> _Work to be completed_: The expected result is the full listing, retyped exactly, without a single picture.

> _Dataset excerpt_:
*** Block opens ***

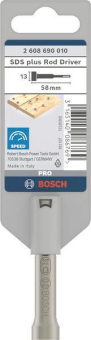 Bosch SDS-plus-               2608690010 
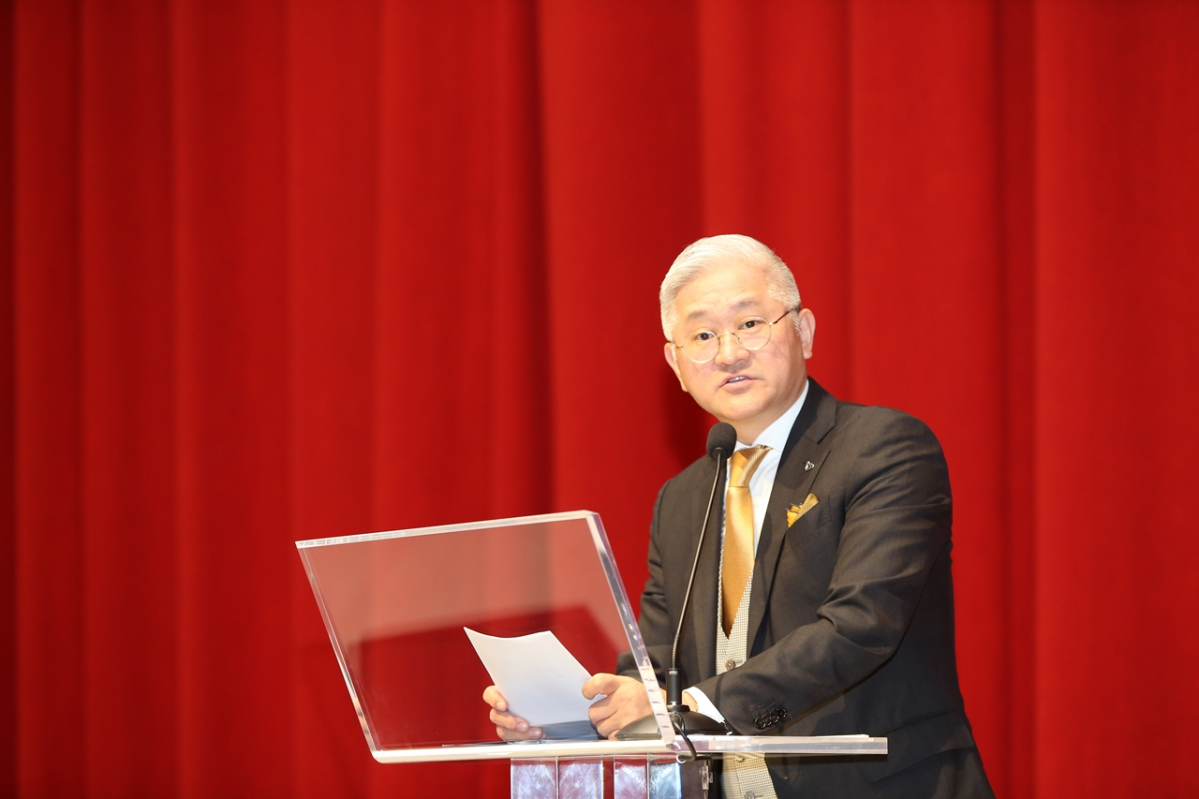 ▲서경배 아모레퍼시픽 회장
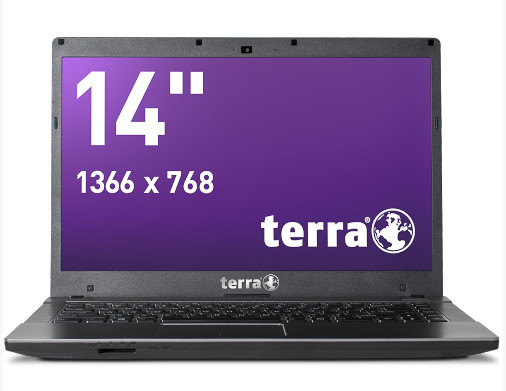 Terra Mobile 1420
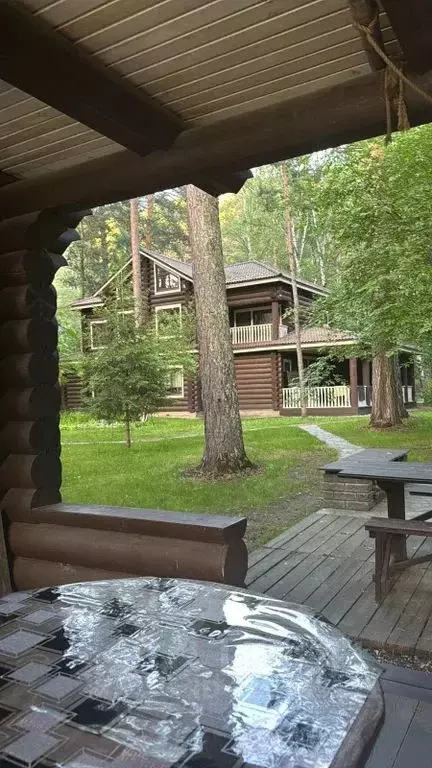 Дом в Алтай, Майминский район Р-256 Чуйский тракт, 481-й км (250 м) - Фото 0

*** Block closes ***

> _Completed exercise_:
 Bosch SDS-plus-               2608690010 
 ▲서경배 아모레퍼시픽 회장
 Terra Mobile 1420
 Дом в Алтай, Майминский район Р-256 Чуйский тракт, 481-й км (250 м) - Фото 0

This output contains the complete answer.